Digital Rights Watch and Electronic Frontiers Australia urge the Australian Government to reinstate phone and internet access to asylum seekers

Digital Rights Watch and Electronic Frontiers Australia urge the Australian Government to ensure that the human rights of asylum seekers and refugees being held in offshore detention camps on Manus Island (Papua New Guinea) and Nauru are respected.

The Australian Government’s offshore processing system which has established these camps has resulted in violations of various rights protected under international human rights treaties to which Australia is a party, including the Universal Declaration of Human Rights (UDHR) and the International Convention on Civil and Political Rights (ICCPR).

Angela Daly from Digital Rights Watch said:

‘The United Nations High Commissioner for Refugees has made it very clear that Australia has an ongoing responsibility to the individuals whom it has transferred to Manus and Nauru under this system. This includes their right to communicate by phone and Internet.’

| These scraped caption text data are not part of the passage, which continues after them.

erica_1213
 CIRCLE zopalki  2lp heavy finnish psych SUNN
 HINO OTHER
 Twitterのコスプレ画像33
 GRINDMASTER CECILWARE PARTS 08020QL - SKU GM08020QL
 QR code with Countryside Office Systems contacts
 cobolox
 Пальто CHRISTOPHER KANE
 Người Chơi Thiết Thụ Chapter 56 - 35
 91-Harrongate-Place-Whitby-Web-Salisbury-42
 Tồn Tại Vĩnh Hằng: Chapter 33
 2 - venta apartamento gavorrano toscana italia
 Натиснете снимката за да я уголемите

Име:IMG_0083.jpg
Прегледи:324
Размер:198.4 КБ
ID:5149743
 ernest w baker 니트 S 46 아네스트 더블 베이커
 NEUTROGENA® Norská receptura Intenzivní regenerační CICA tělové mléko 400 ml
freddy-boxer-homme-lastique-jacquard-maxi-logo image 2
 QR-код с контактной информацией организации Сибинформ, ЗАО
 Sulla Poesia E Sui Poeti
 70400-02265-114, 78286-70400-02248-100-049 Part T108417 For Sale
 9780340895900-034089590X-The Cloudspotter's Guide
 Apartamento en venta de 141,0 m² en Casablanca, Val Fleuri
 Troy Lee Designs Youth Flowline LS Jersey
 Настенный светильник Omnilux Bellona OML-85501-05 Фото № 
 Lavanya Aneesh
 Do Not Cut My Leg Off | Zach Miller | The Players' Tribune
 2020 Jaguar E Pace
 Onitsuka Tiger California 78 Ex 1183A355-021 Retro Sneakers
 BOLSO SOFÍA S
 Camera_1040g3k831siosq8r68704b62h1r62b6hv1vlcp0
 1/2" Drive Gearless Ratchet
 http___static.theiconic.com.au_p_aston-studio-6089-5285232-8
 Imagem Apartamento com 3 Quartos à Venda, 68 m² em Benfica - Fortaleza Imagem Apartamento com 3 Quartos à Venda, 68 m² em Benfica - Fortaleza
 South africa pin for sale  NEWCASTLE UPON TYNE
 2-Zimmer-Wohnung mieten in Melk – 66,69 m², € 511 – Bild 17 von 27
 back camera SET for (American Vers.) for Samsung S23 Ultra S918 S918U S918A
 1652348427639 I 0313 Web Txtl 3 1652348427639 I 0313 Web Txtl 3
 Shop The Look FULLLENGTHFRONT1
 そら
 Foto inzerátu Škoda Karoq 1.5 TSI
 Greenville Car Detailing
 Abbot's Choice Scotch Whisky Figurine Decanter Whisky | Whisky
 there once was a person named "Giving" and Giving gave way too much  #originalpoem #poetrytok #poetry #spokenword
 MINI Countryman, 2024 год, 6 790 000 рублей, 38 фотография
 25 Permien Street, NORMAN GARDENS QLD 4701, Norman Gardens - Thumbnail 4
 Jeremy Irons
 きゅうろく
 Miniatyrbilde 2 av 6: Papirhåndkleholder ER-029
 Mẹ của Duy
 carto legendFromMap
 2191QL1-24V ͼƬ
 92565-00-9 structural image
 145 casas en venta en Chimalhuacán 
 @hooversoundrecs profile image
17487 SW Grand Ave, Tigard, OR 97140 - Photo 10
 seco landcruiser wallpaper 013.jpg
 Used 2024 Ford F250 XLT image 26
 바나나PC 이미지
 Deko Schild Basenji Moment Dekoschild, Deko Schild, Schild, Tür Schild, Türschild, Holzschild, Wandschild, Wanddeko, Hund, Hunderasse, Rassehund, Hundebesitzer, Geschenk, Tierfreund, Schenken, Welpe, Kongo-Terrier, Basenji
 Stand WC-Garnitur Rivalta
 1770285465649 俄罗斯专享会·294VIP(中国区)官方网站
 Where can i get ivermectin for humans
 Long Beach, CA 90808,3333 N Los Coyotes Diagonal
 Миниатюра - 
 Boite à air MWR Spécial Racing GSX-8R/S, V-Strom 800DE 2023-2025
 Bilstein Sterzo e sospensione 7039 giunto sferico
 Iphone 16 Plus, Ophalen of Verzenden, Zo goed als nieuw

EFA Chair Lyndsey Jackson said:

“The detainees on Manus and Nauru do not have adequate access to phone and Internet communications, in breach of their right to free expression. Australia needs to honour its obligations under these treaties, in particular Article 19 of the UDHR and ICCPR which guarantees the right to free expression, including the freedom to seek, receive and impart information and ideas of all kinds. In particular, Australia should reinstate asylum seekers phone and internet communications in the Manus Island camp, which have recently been removed.”